Duncan Smith claimed that it has cost the current government £1tn ($1.5tn, €1.3tn) to deliver its health and education systems over the last five years.
"Just think what that money could mean on the ground, how many people it could help, how many lives it could transform," the Secretary of State said.
"The next parliament must be about getting money flowing to where it will have the most impact, with government reaping the benefits in return: innovative, efficiency, effectiveness.
"Over time, it is my hope that this will turn the tide in the whole culture of government spending – whereby we commission outcomes and pay for what work meaning every pound spent goes on positive life change for the most disadvantaged in our society."
Social impact bonds
Duncan Smith pointed to the government's use of social impact bonds (SIBs) of using the market in welfare reform.
The instruments enable social investors to fund particular service and the government pays them if an intervention is deemed successful.

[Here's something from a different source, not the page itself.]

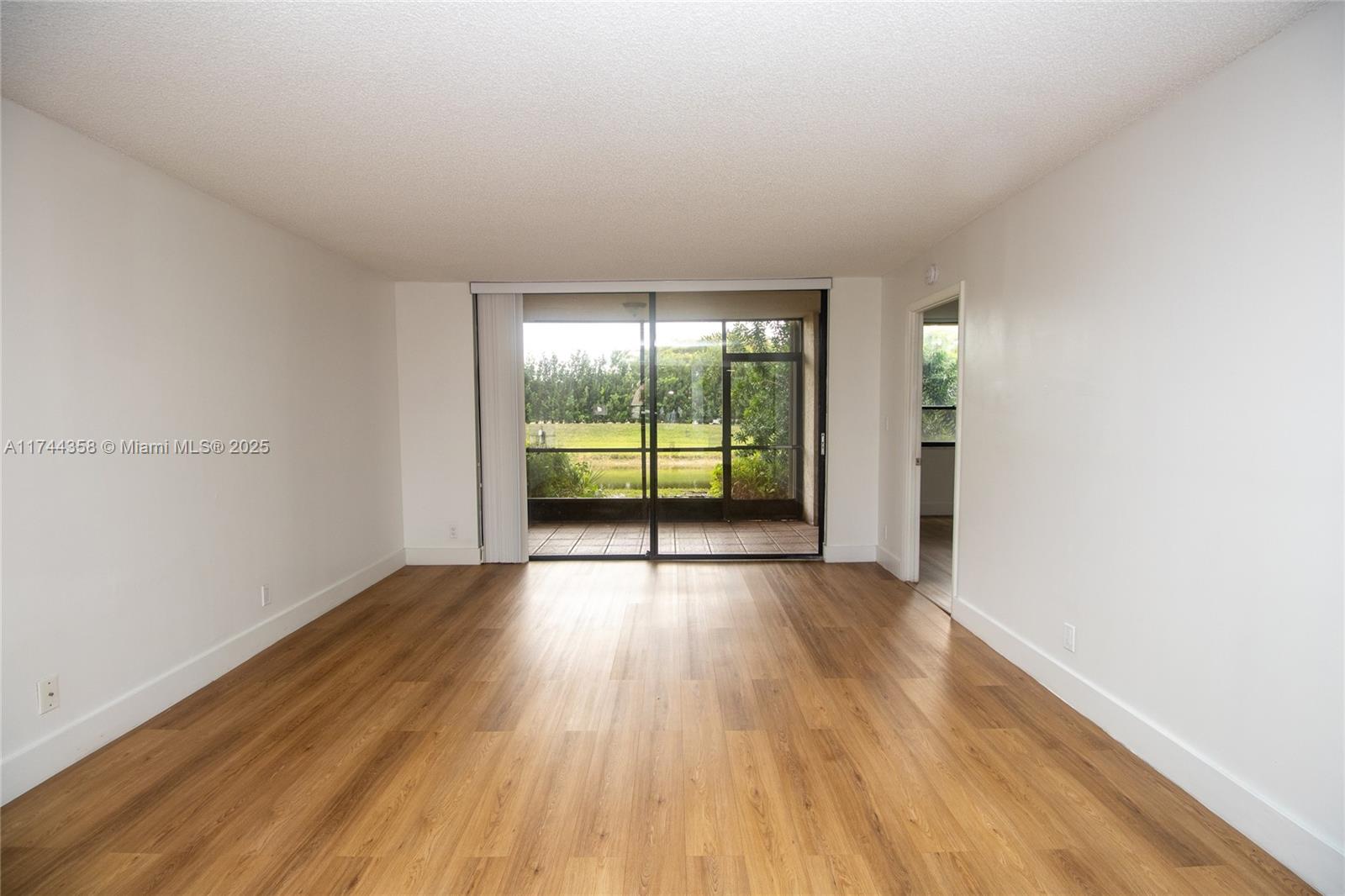LAKES OF NEWPORT 2 CONDO - Residential
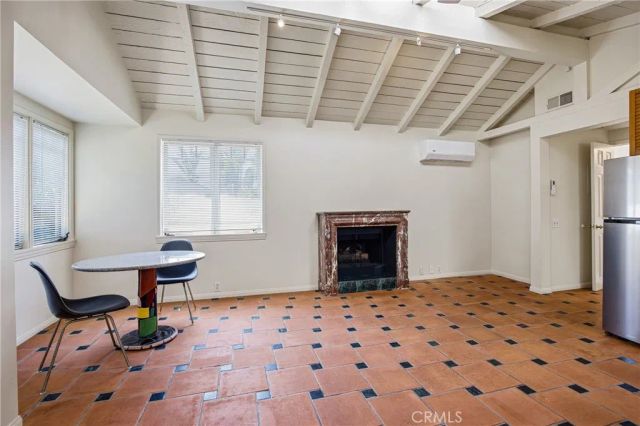951 Glenneyre, Laguna Beach, CA 92651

Supports of SIBs argue that the instruments reduce government expenditure in the long-term.
The Department for Work and Pensions (DWP) has 24 SIBS running, 10 of them financed by the ministry's £30m Innovation Fund.
Duncan Smith estimated that these reforms could generate £500m of savings over the next parliament.
"In rolling out SIBs more widely, the government has done a lot to put the infrastructure in place: through Big Society Capital, the world's first social investment wholesaler and the social investment tax relief, which could generate up to nearly £500m over another five years," he said.
But Labour have claimed that the government has overspend on benefits and tax credits by "tens of billions of pounds".
"The current Conservative-led government has overspent on benefits and tax credits by tens of billions of pounds and failed to balance the books within the single parliament they promised," said Rachel Reeves, the shadow work and pensions secretary.
"This failure is a result of their fundamental failure to make work pay driving the up in-work benefit bill as well as undermining tax and national insurance revenues.
"Most worryingly, the current government has no plans to turn this around in the next parliament."
The comments come with less than 100 days to go before the general election in May.
The latest poll from YouGov for The Sun, which questioned more than 1,700 respondents between 2 and 3 February, put Labour and the Tories neck-and-neck on 33%, with the Liberal Democrats on 7%, Ukip on 14% and the Greens on 7%.